◆ RECORDS SHOWN ◆
***

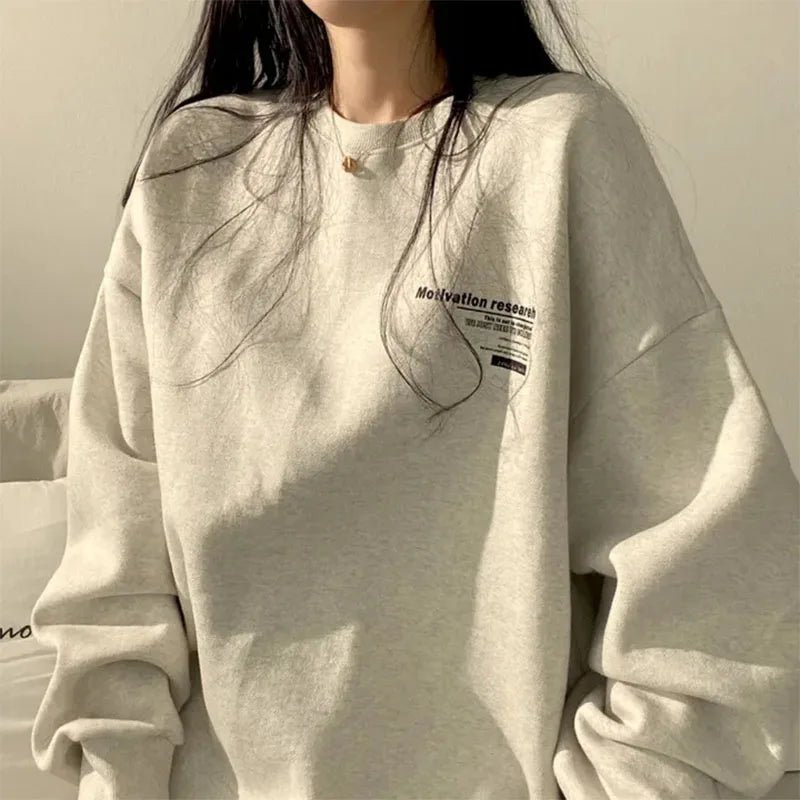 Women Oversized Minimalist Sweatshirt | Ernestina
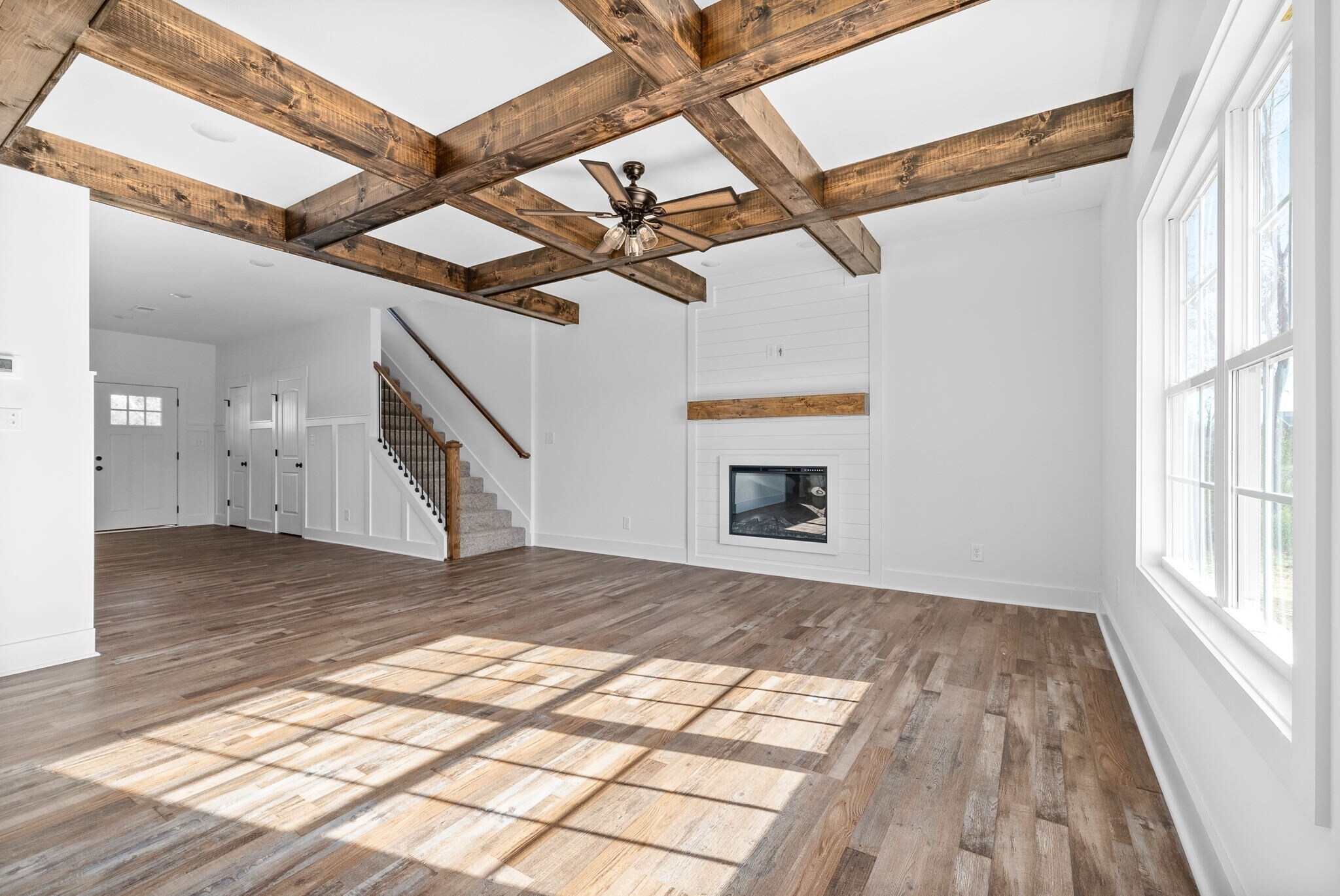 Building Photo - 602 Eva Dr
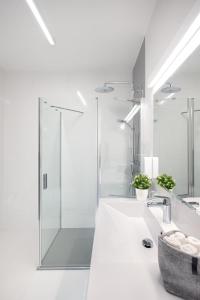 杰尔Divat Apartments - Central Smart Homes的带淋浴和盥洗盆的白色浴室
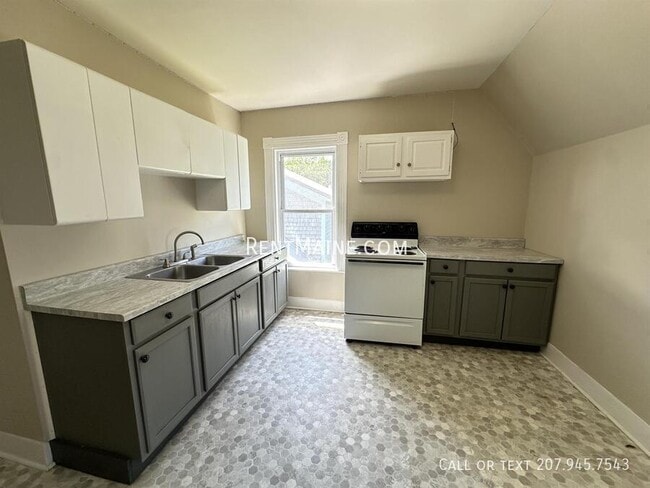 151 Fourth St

***

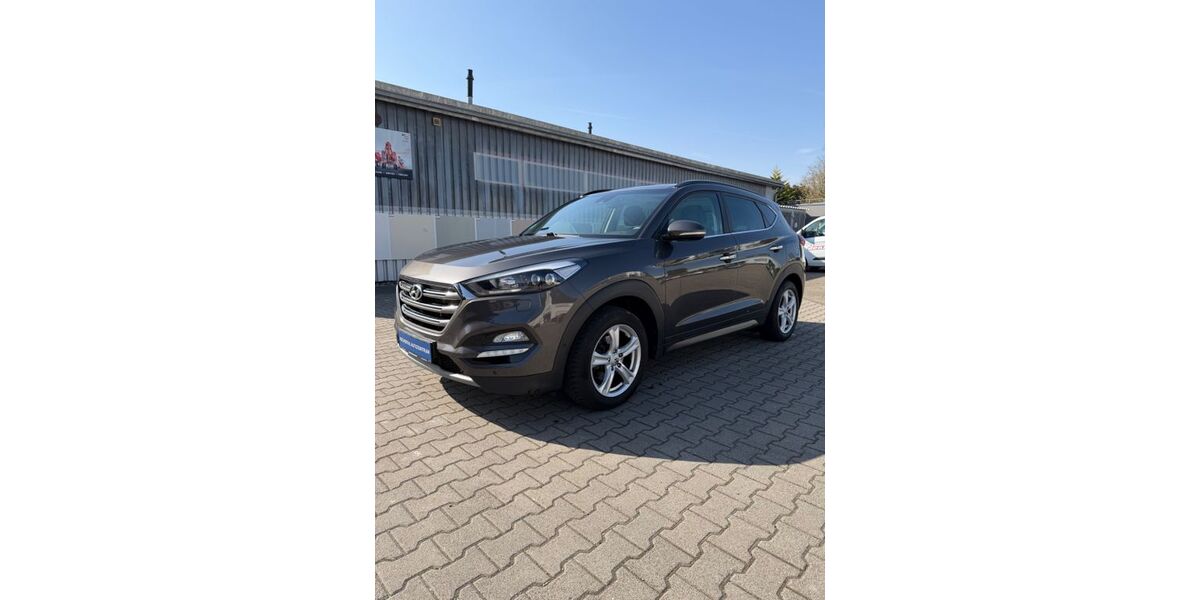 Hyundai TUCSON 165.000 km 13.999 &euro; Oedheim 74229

***

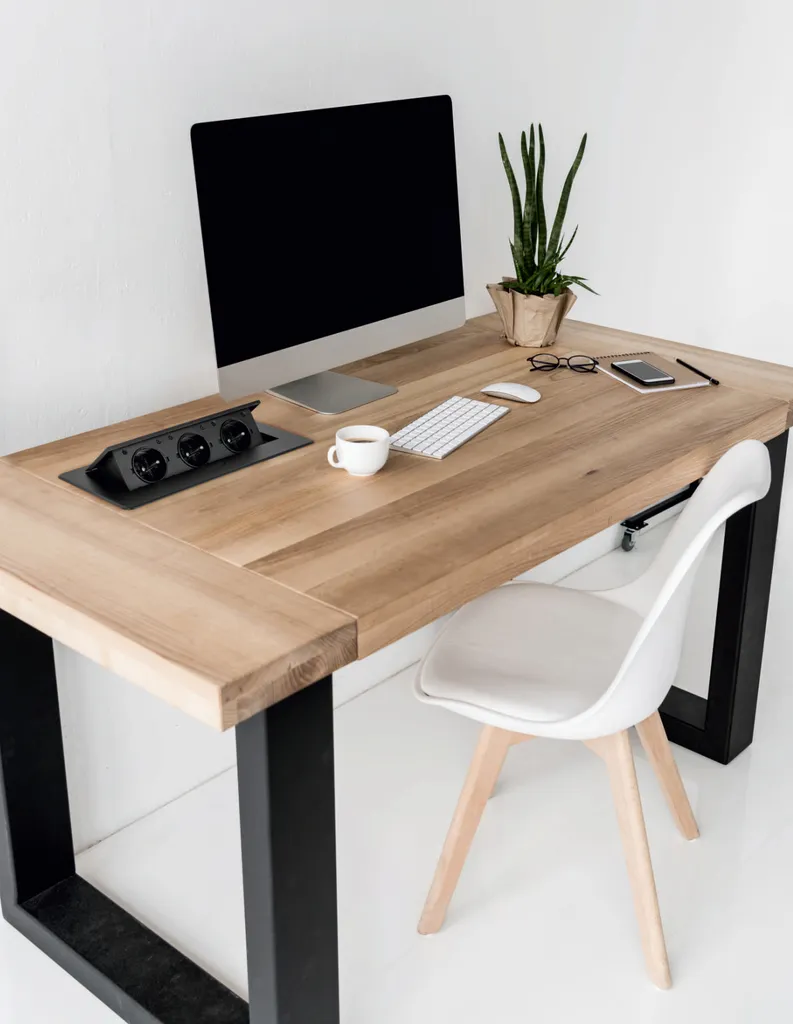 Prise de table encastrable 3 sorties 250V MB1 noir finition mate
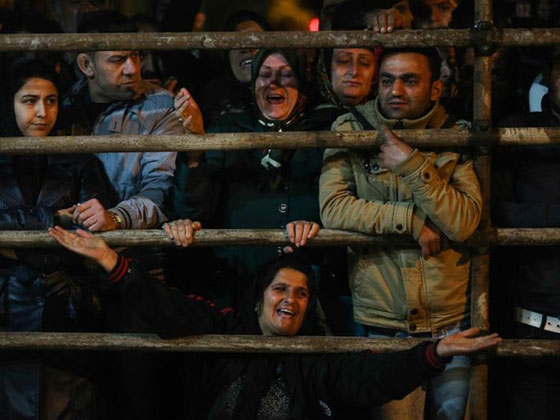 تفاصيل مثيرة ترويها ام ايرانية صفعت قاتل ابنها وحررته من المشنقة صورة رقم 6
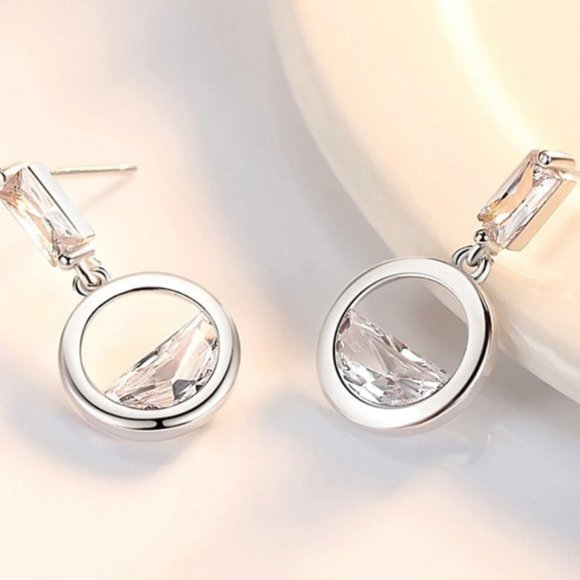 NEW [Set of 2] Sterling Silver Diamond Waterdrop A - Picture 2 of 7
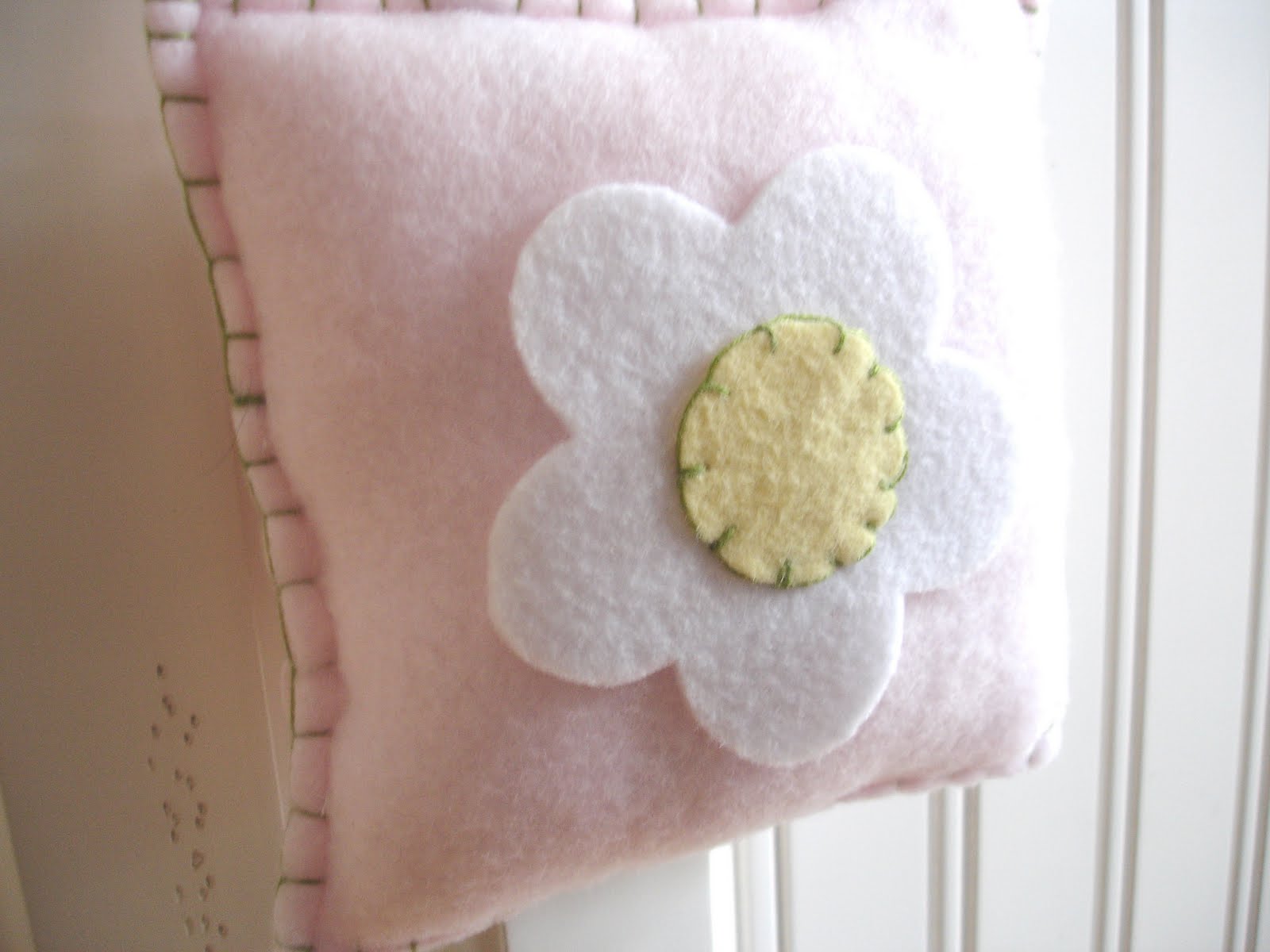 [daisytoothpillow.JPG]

***

◆ PROBLEM TO SOLVE ◆
Starting at the line above that holds "Prise de table", return each line up to and including the one that holds "[daisytoothpillow.JPG]", exactly as written, minus any pictures.

◆ EXERCISE ANSWER ◆
 Prise de table encastrable 3 sorties 250V MB1 noir finition mate
 تفاصيل مثيرة ترويها ام ايرانية صفعت قاتل ابنها وحررته من المشنقة صورة رقم 6
 NEW [Set of 2] Sterling Silver Diamond Waterdrop A - Picture 2 of 7
 [daisytoothpillow.JPG]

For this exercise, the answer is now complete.